Et si on repartait de la case départ comme au Monopoly ? Si on changeait le postulat ? Pourquoi ne pas demander aux hommes de changer leurs attitudes plutôt que de demander aux femmes de s’effacer, se broyer, se mésestimer ?

Je vous propose l’exercice dans l’autre sens.

« Tu ne devrais pas suivre des femmes à cette heure-là, tu vas leur faire peur. »

« Fais attention, si tu la touche tu vas en prison. »

« A ta place je ne la sifflerais pas comme ça dans la rue. »

« …Déjà parce que ta frustration ne donne envie à personne, donc si tu n’apprends pas à la contenir, tu ne seras jamais séduisant aux yeux d’une femme. Ensuite parce que si tous tes copains et toi faites pareil, personne n’aura envie de vivre ici. Cette société hyper masculine rend l’air irrespirable. Cette absence de légèreté, cette pesanteur contribue à donner envie à des générations entières de jeunes de mourir en mer plutôt que de rester ici. »
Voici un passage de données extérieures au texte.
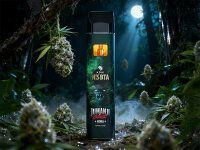 Jumanji by Gzuz H3BTA - Koka - 1 ml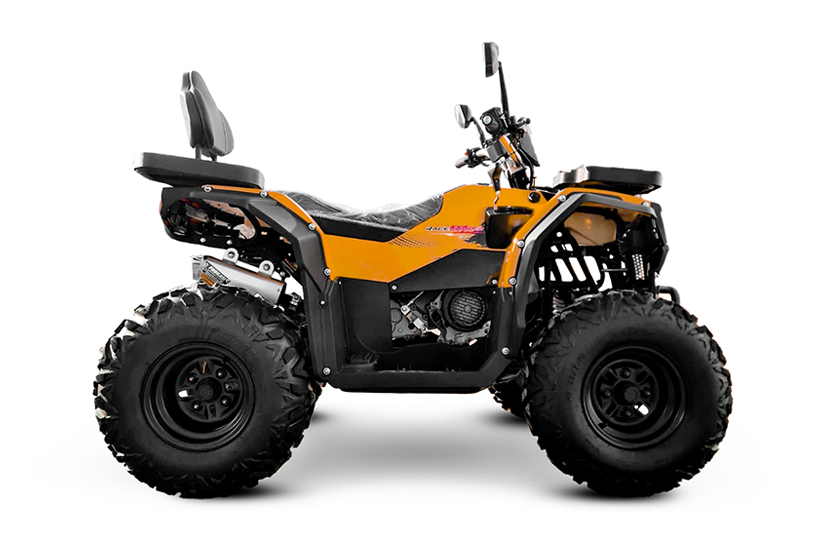 race_jumper_200_se_lava_orange_03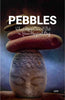 Pebbles thumbnail 1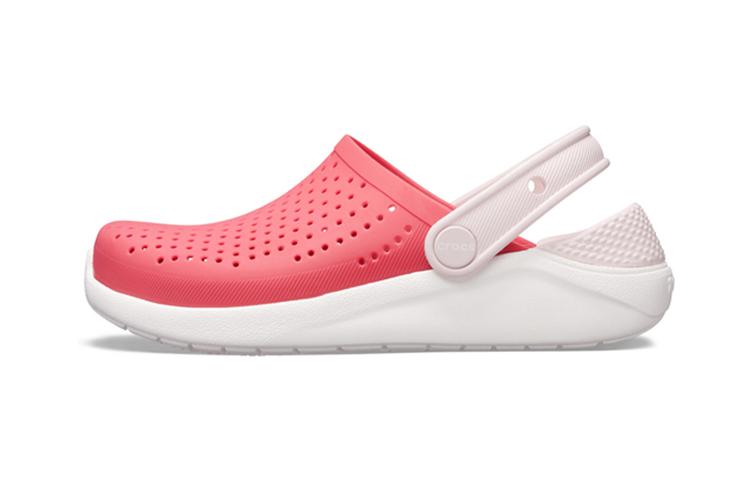 Crocs LiteRide Kids  Sandals Kids 205964-6EW 28-29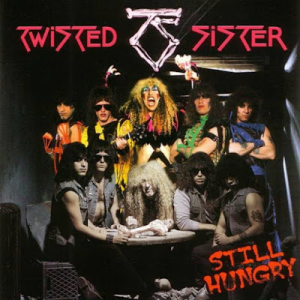 Twisted Sister018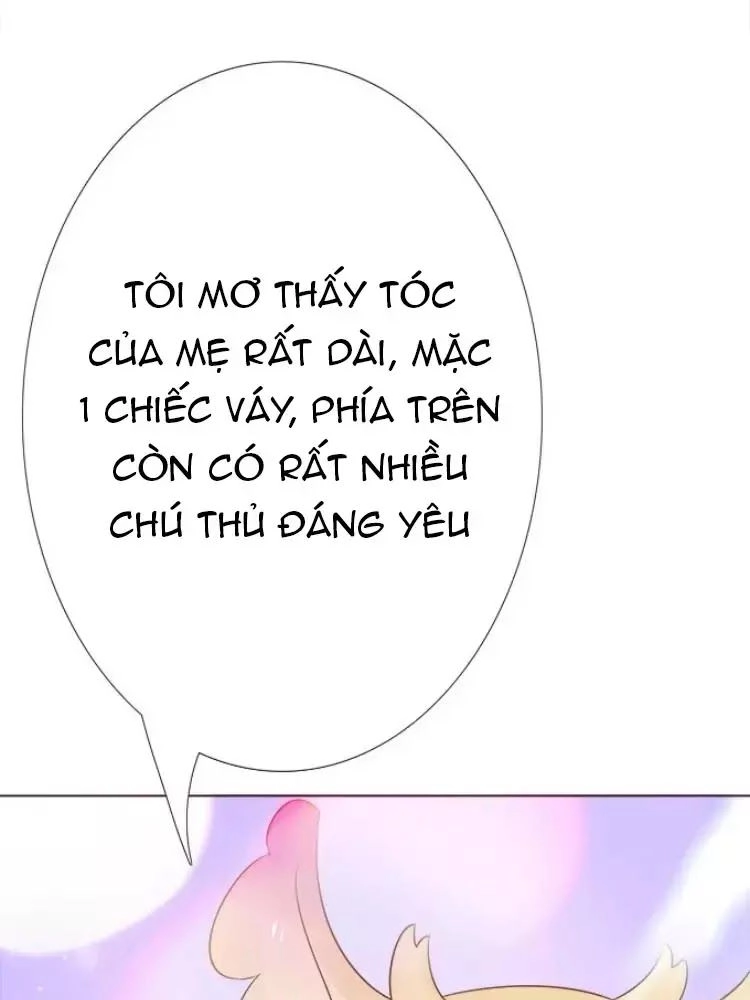 Ma Vương Luyến Ái Chỉ Nam Chapter 109 - 63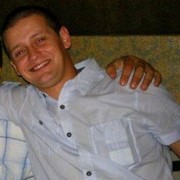  -,  Dmitri, 41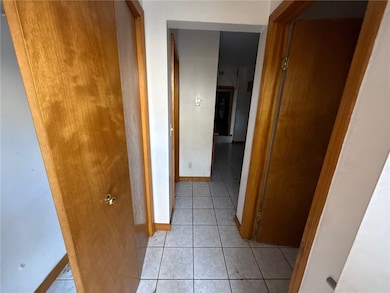 139 Babcock St, Providence, RI 02905 - photo 3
J’ai envisagé de venir vivre en Algérie à la fin de mes études. Apporter une pierre à l’édifice avec ces compétences nouvellement acquises. Retrouver in situ la culture de mes parents. Pourquoi pas après tout ? Les paysages, la langue, la gastronomie familiale. Les arguments étaient nombreux. J’ai coupé court à toute velléité en constant un fait simple, objectif et irrémédiable : mon absence de pénis.